Fig 2 Is a Bezel for a handphone. At first look it appears to be a relatively simple part to manufacture. The first process is the IMD Label containing the window and the black background, the material selected for the part is Polycarbonate. The label is then inserted into the mold and over-molded with platable ABS, this is the bright rim in the picture. The process of plating ABS is well known. To plate the ABS its surface must be modified with an etching solution. The etching solution is based up chromic acid and will not etch the Polycarbonate. After etching the surface is then activated or primed with a solution containing tin and palladium salts. The surface of the ABS is then coated with nickel or copper. The final step is electroplating using conventional technology. As the PC was not etched it cannot be plated, this in short is the selective plating process.
Fig 3 The image below is a familiar sign to anyone who has traveled by on an airliner.
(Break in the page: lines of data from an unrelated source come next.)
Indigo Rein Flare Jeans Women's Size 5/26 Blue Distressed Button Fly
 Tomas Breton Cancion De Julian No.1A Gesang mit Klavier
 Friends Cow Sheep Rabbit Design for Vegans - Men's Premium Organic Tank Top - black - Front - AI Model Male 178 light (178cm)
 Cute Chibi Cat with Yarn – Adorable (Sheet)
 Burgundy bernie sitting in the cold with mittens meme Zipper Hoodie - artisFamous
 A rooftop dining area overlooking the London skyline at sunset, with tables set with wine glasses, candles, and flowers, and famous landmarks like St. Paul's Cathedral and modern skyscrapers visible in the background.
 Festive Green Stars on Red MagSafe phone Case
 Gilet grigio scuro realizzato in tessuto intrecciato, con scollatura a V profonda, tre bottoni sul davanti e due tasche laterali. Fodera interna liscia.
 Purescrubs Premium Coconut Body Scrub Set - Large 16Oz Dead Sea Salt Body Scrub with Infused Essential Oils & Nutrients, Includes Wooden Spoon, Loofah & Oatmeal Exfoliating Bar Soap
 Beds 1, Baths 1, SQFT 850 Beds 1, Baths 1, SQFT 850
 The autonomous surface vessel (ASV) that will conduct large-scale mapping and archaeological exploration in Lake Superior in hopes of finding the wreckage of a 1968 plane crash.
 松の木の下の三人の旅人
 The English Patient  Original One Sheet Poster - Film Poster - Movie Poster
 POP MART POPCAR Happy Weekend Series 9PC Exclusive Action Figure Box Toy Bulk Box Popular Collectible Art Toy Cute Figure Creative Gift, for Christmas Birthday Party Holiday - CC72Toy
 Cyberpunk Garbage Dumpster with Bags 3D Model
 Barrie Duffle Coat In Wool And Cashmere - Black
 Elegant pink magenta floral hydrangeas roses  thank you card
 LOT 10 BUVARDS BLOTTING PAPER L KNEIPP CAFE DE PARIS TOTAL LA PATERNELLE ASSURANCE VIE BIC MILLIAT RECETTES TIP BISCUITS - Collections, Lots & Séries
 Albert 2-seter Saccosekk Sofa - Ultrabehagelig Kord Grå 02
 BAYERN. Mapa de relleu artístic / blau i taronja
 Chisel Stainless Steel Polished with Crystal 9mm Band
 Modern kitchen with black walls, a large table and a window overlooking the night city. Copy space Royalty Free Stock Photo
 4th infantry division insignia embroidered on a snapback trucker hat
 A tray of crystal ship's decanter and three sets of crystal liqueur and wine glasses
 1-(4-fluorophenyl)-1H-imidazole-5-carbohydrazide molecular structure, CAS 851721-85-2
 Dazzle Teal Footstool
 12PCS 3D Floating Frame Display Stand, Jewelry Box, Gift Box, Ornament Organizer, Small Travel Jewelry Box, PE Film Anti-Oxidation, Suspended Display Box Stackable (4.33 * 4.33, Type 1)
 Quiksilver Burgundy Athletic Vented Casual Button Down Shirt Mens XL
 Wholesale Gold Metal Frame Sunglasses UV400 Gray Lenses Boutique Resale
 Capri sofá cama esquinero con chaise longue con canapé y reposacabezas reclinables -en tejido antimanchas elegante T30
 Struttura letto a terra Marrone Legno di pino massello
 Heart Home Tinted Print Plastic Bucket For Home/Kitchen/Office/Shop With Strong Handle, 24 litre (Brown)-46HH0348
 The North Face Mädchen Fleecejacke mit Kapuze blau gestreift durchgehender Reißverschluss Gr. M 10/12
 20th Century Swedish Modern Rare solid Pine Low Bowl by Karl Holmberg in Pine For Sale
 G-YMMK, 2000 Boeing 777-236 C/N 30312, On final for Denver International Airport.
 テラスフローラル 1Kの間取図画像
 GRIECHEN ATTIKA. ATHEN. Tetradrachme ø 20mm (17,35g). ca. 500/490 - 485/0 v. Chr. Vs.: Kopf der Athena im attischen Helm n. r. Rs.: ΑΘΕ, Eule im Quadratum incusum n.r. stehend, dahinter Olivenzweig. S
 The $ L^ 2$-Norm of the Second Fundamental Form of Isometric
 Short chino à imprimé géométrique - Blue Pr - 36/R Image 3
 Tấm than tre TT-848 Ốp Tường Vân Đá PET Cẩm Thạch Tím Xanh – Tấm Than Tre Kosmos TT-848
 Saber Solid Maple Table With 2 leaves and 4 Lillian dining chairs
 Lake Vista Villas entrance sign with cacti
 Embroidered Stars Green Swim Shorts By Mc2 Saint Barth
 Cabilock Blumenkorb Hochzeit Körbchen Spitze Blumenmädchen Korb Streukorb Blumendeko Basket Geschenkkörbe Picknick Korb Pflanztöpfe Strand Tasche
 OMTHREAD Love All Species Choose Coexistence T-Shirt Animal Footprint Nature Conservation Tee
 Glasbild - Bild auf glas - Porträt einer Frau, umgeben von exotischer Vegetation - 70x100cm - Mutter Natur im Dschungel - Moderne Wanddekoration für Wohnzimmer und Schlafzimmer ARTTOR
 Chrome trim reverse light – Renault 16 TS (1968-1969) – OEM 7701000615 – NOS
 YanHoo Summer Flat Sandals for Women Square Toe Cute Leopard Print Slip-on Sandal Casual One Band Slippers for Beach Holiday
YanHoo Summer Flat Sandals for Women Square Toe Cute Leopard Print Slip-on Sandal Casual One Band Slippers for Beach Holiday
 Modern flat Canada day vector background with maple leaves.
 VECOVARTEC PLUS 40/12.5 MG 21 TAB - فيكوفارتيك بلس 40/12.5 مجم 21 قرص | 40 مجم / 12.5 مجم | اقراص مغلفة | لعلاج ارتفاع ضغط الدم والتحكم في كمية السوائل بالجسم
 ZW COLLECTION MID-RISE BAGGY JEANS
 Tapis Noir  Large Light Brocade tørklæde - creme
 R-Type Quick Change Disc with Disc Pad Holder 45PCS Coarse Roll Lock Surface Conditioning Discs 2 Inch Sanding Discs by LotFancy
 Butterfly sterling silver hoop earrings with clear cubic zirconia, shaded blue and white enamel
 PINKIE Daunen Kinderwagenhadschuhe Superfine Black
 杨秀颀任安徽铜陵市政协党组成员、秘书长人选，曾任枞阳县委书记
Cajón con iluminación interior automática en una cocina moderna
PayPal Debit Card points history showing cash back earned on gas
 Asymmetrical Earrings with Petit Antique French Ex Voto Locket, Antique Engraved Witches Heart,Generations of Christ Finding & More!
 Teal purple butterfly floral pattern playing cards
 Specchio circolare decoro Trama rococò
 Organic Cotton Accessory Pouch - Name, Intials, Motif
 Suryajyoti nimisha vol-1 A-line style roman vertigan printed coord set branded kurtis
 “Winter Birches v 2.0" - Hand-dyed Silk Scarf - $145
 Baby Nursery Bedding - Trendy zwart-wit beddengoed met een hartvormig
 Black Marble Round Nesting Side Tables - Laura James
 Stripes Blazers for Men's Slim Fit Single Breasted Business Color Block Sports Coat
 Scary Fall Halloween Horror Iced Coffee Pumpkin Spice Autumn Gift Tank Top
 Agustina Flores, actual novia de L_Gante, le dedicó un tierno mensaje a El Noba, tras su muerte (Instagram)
This is the view from the back, the front side is not shown, it is a dead front panel, the graphics cannot be seen until the sign is illuminated. The front surface is screen printed in a color that matches the surrounding structure and is translucent. The reverse side is a screen printed with the graphics that are translucent. The black background is printed to prevent light transmission. The label is then back injected with clear Polycarbonate to form the finished part.